**Description of the task:**
Please repeat only the stretch of records running from the first line through the line that contains "Bundesarchiv Bild 101I-296-1688-30A%2C".

Dataset records: Begin

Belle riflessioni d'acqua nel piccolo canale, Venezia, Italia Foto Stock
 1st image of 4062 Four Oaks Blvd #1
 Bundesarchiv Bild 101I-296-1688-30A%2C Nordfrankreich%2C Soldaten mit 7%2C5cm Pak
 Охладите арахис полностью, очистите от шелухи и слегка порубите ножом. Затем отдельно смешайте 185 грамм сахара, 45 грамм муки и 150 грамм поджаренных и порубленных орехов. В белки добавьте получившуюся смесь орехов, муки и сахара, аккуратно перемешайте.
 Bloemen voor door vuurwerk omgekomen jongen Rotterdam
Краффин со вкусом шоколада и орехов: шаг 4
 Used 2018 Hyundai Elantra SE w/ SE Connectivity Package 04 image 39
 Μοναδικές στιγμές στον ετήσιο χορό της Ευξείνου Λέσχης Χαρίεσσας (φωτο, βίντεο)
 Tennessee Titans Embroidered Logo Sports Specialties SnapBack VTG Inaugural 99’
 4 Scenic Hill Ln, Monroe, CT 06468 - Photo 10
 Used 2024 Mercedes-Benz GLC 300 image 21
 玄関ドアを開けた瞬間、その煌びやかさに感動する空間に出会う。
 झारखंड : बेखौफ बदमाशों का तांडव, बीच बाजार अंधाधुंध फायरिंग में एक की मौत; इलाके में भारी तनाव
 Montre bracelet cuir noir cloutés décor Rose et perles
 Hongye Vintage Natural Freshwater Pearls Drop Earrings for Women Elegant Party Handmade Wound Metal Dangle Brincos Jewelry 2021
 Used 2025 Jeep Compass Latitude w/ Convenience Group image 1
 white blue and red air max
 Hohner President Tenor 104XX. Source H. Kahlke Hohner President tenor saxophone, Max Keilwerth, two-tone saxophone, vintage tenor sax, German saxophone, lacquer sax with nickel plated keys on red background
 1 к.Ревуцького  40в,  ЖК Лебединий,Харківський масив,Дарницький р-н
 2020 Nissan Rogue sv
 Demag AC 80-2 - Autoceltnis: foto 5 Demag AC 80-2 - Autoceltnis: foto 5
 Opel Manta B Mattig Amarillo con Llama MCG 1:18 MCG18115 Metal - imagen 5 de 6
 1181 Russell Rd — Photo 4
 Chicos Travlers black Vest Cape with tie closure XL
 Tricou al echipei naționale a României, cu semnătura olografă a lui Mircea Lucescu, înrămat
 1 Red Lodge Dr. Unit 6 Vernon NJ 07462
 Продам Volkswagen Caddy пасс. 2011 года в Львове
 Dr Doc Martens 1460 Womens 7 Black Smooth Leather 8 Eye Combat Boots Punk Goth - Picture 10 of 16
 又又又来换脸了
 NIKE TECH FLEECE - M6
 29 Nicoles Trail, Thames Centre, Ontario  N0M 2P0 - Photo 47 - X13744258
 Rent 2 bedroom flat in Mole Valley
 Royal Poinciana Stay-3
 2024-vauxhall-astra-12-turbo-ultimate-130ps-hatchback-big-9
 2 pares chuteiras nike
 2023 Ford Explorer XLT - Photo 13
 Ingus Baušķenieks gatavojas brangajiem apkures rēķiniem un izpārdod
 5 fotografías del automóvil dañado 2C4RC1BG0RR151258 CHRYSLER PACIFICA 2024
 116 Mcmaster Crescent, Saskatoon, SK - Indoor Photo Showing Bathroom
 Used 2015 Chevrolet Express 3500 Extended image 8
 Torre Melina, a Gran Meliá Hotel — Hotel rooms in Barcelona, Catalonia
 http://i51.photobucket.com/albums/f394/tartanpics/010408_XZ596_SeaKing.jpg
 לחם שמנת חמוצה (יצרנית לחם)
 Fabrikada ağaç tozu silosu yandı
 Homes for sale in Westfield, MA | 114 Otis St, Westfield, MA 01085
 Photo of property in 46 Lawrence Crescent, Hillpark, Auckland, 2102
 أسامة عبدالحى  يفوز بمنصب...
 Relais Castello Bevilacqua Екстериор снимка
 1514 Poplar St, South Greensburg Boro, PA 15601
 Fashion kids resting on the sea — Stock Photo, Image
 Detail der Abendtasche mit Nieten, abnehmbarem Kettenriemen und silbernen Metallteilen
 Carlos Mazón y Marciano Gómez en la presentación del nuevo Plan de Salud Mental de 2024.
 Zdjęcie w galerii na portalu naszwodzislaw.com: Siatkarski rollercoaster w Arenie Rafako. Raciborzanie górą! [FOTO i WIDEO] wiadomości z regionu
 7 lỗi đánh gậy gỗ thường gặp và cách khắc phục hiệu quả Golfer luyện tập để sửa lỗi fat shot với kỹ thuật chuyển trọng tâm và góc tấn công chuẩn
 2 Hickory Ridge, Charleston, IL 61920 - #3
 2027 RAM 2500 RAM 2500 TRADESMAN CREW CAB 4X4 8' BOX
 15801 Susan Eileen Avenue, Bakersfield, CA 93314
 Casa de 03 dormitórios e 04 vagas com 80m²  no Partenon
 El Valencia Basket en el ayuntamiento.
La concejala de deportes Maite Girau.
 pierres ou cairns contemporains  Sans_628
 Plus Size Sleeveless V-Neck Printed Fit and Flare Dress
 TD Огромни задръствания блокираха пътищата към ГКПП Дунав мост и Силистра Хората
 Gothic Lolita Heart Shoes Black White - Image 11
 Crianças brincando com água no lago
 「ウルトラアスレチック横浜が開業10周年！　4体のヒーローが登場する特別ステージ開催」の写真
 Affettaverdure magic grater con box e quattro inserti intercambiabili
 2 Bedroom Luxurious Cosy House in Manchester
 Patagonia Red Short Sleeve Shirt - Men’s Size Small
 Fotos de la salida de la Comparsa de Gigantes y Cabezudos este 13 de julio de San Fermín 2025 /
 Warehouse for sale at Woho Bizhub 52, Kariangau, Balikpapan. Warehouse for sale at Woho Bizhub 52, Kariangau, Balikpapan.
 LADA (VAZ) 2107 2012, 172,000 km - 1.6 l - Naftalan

Dataset records: End

**Solution for this exercise:**
Belle riflessioni d'acqua nel piccolo canale, Venezia, Italia Foto Stock
 1st image of 4062 Four Oaks Blvd #1
 Bundesarchiv Bild 101I-296-1688-30A%2C Nordfrankreich%2C Soldaten mit 7%2C5cm Pak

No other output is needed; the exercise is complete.